Überflüssig würden Engineers durch die Lovable-Nutzung anderer trotzdem nicht, meint Osika: Ihre Rolle verschiebe sich von Routineaufgaben hin zu Architektur, Systemanbindung und der Betreuung unternehmenskritischen Codes.

Warum heißt Lovable eigentlich Lovable?

Zum Schluss des Gesprächs räumt Osika mit einem gängigen Klischee über den europäischen Tech-Standort auf: „Viele halten Europa für langsam, aber wenn man in die Tech-Hubs Europas geht, brodelt es dort wie nie zuvor“, sagt Osika. Dass der Produktfokus so stark auf dem Nutzererlebnis liege, führt Osika auch auf den Standort Stockholm zurück, wo der Großteil des Engineering-Teams sitzt. Man habe in den nordischen Ländern genaue Vorstellungen davon, wie ein Produkt funktionieren solle – oder eben nicht. Diese „I-Tüpfelchen-Reiterei“ mache Lovable erst zu dem was es heute ist.

Warum das Unternehmen ausgerechnet „Lovable“ heißt, erklärt er mit einer letzten Zeile, die zugleich als Leitmotiv des Gesprächs steht: „Software sollte nicht einfach nur funktionieren.
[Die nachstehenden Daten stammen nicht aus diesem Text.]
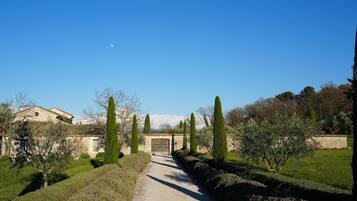 Enceinte de lâhĂ©bergement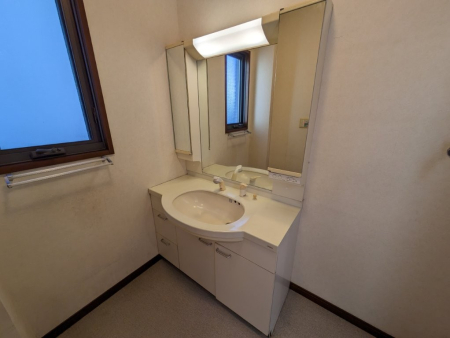 ʑEʏ 傫Ȑʃ{EƃnhV[ŁACɓȂĂʑŎyɐOʋ̗ɂ͎[Xy[X܂B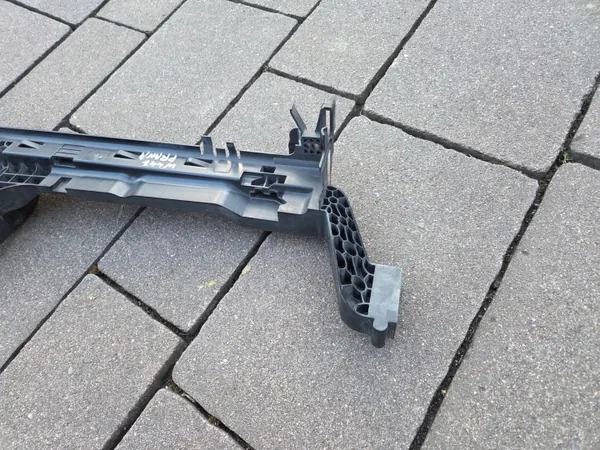 Support de radiateur droit OEM A4475040200 image 4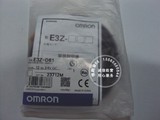 《正品卖家》 欧姆龙OMRON 扩散反射型光电开关/传感器 E3Z-D61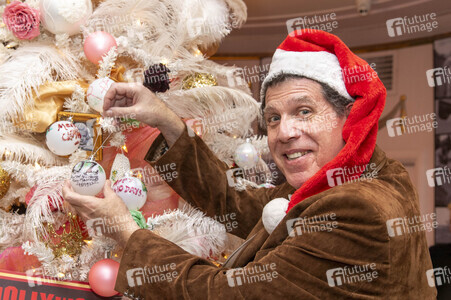 Weihnachtsbaumschmücken im Hollywood Museum in Los Angeles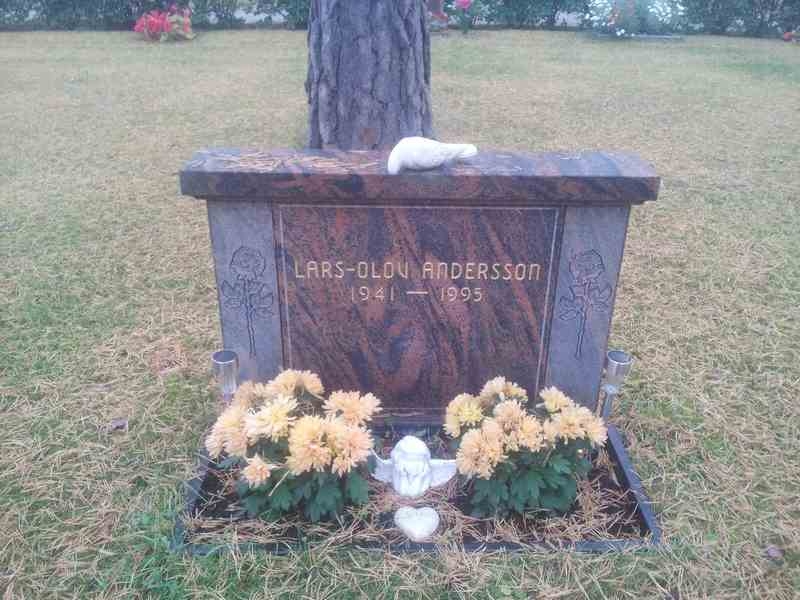 Grave number: 1 KV.9   309-310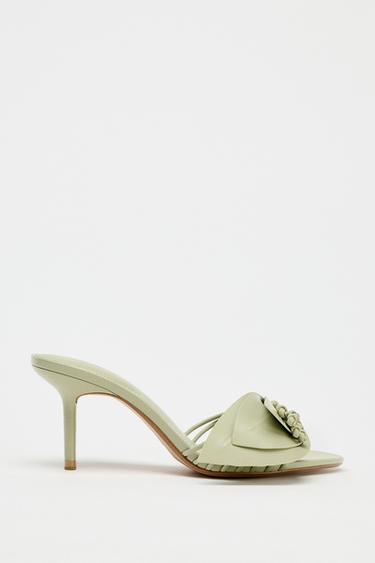 FLORAL SANDALS - Greenish by Zara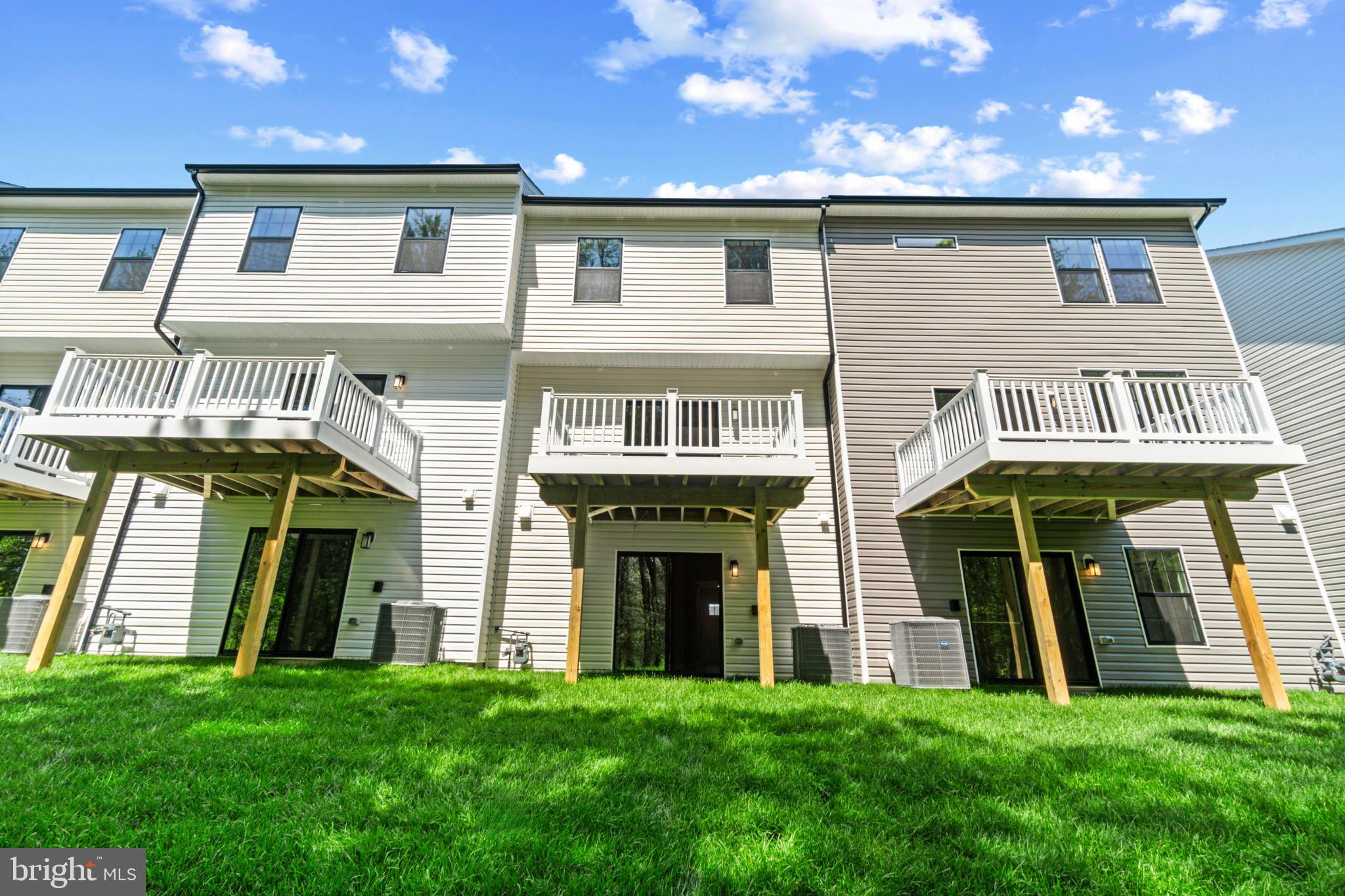 SPRING HILLS - Residential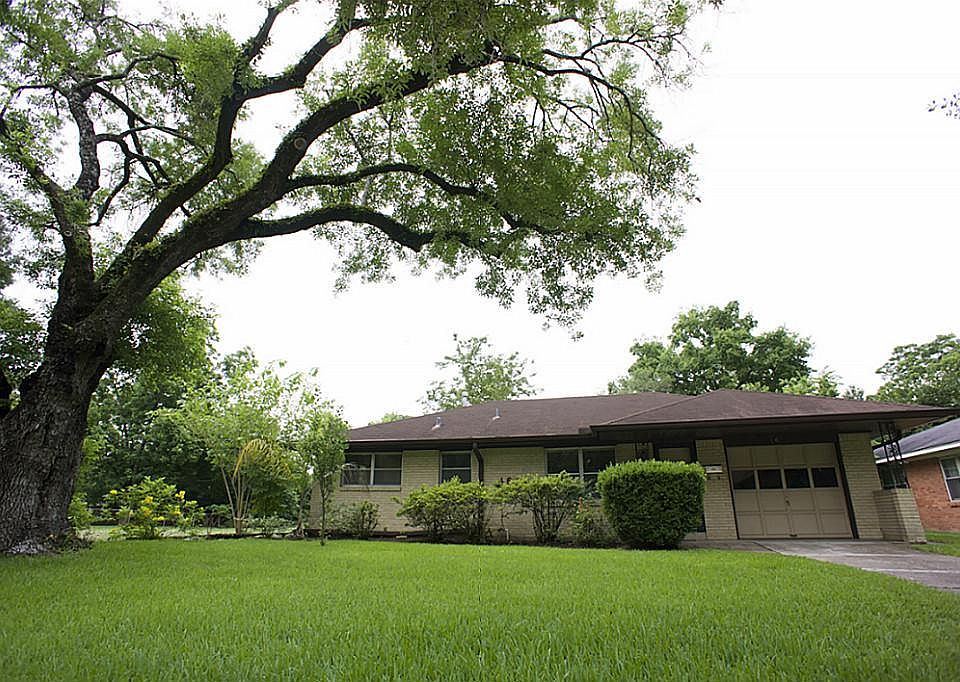 1st image of 4613 De Lange Ln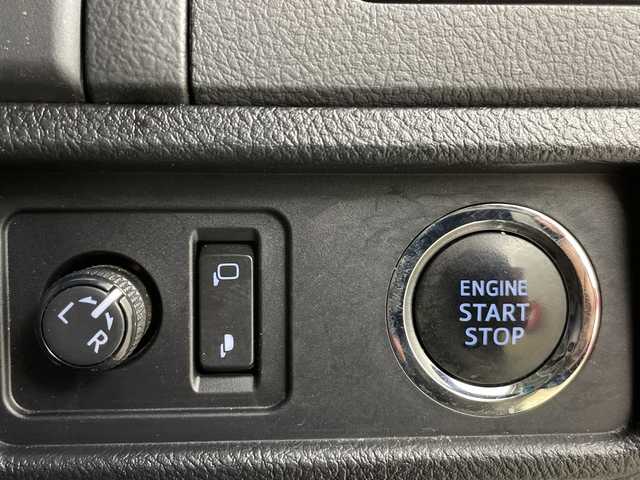 トヨタ ランドクルーザー プラド TX 道央・札幌 2019(令1)年 9.3万km ホワイトパールクリスタルシャイン ・4WD/寒冷地仕様/・トヨタセーフティセンス/・プリクラッシュセーフティ/・レーダークルーズコントロール/・純正SDナビ NSCN-W68　/・Bluetooth/CD/SD/バックカメラ/・純正エンジンスターター/前方ドライブレコーダー/・積込冬タイヤ純正AW/・LEDヘッドライト/オートハイビーム/・センターデフロック/・純正フロアマット/・ドアバイザー/・取説/保証書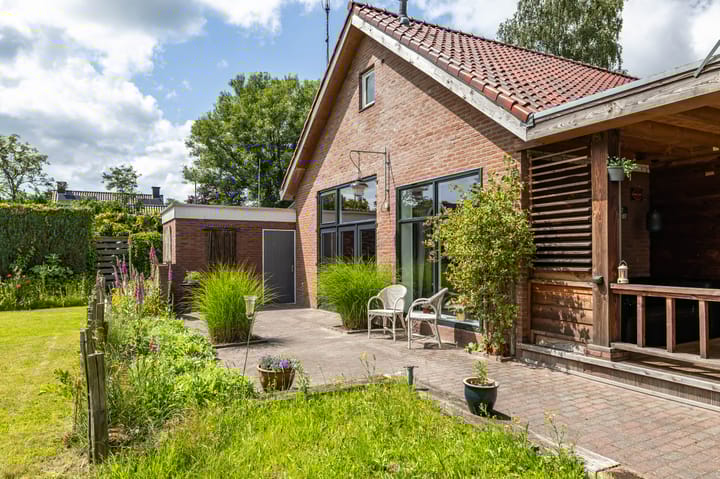 Foto 7 van Vriezerweg 15-A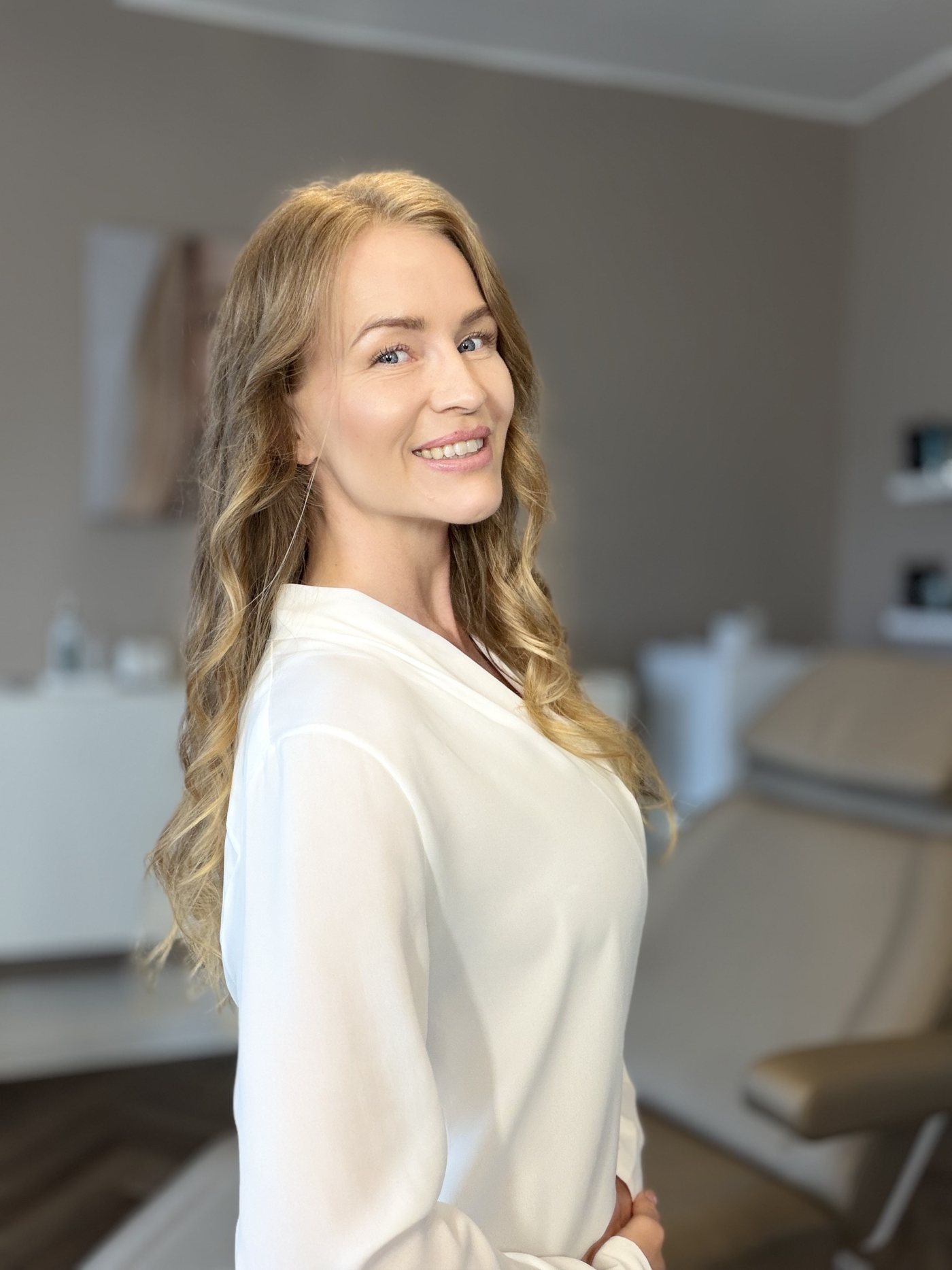 Louise Bundgaard i klinikken på Lyngballegård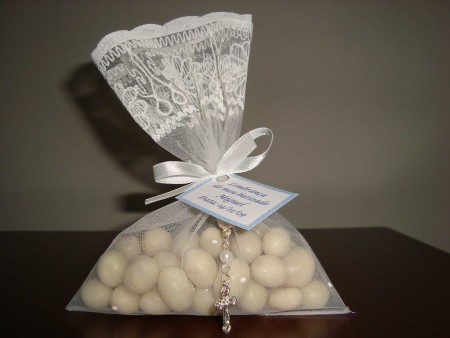 Saquinho de amendoim com chocolate branco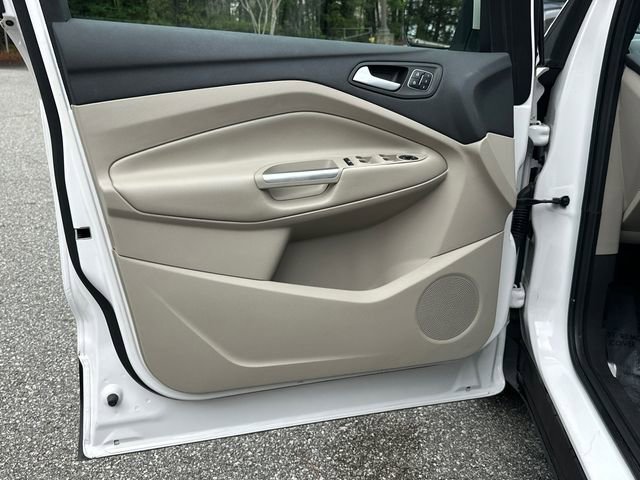 Certified 2017 Ford Escape Titanium w/ Equipment Group 301A FWD image 10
Sie soll die Emotionen der Menschen wecken“, so Osika.

Vom Vibe zum Volumengeschäft

Was also vor nicht allzu langer Zeit noch als spielerisches „Vibe-Coding“ belächelt wurde, ist laut Osika längst zu einer Infrastruktur geworden, auf der Enterprisekund:innen die nächsten Prozesssysteme entwickeln. Der Markt für KI-gestütztes Bauen sei, so der Lovable-Gründer, endgültig über das reine Ausprobieren hinausgewachsen – und weit über das Vibecoding hinaus.